A Mentor can tell the student gently that his main essay idea was used by many students last year, e.g. “I want to be a cultural bridge,” and that perhaps a different idea would be better. He can brainstorm with the student and find better, more unique ideas to write about.
We do push students authoritatively when it comes to the deadlines. We strongly recommend students to send in their applications two weeks before the official deadlines because there is a great deal of paperwork (recommendations, school report, transcripts) to complete which only becomes apparent after the application is sent. Here are some general tips on how to be a great mentor.
- Don’t teach, yell or dictate. Rather, take a step back into the background. The student is in the spotlight so help them be the best version of themselves.
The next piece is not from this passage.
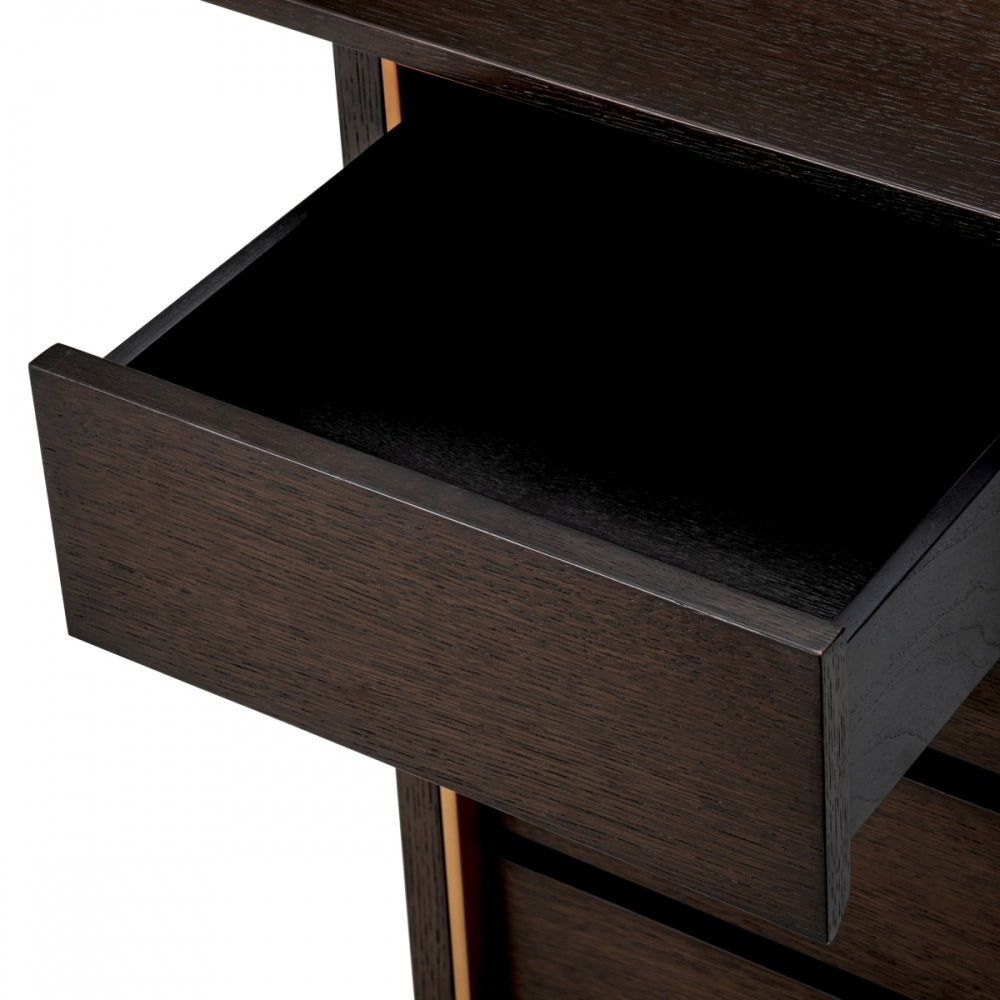Del Rio Desk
- All decisions must be made together. Discuss, guide, explain and coach to help reach the best decisions. Students must feel ownership and responsibility to be motivated and confident.
- Recognize their individuality. Many parents find role models for their students from extended family, next door neighbors or a coworker who knew someone whose kid got into Harvard. At IvyZen we create themes because they accept and validate the uniqueness of students. Also, fortunately, it turns out that the top schools are looking for those unique qualities.
Phil was a super star at a school known for nurturing super stars. He had already started his application with another consulting company but things were not going well. During his junior year, the consultant had coached him to build a well-balanced profile, doing a little bit of this and a little bit of that. Trying to work on his essays all summer, Phil was getting frustrated because he couldn’t decide which activities he should focus on now. He had 3-4 strong activities (MUN, Red Cross, First Chair violin, Captain of the soccer team) and couldn’t decide which one to write about in the extracurricular essay. He also had a difficult time finding some pattern or unifying concept to write his main idea about. Further, he wasn’t sure what his major would be so he couldn’t write most of the other supplement essays. He came to us with a two-page resume and didn’t know how to whittle it down to the 10 activity spots in the common app.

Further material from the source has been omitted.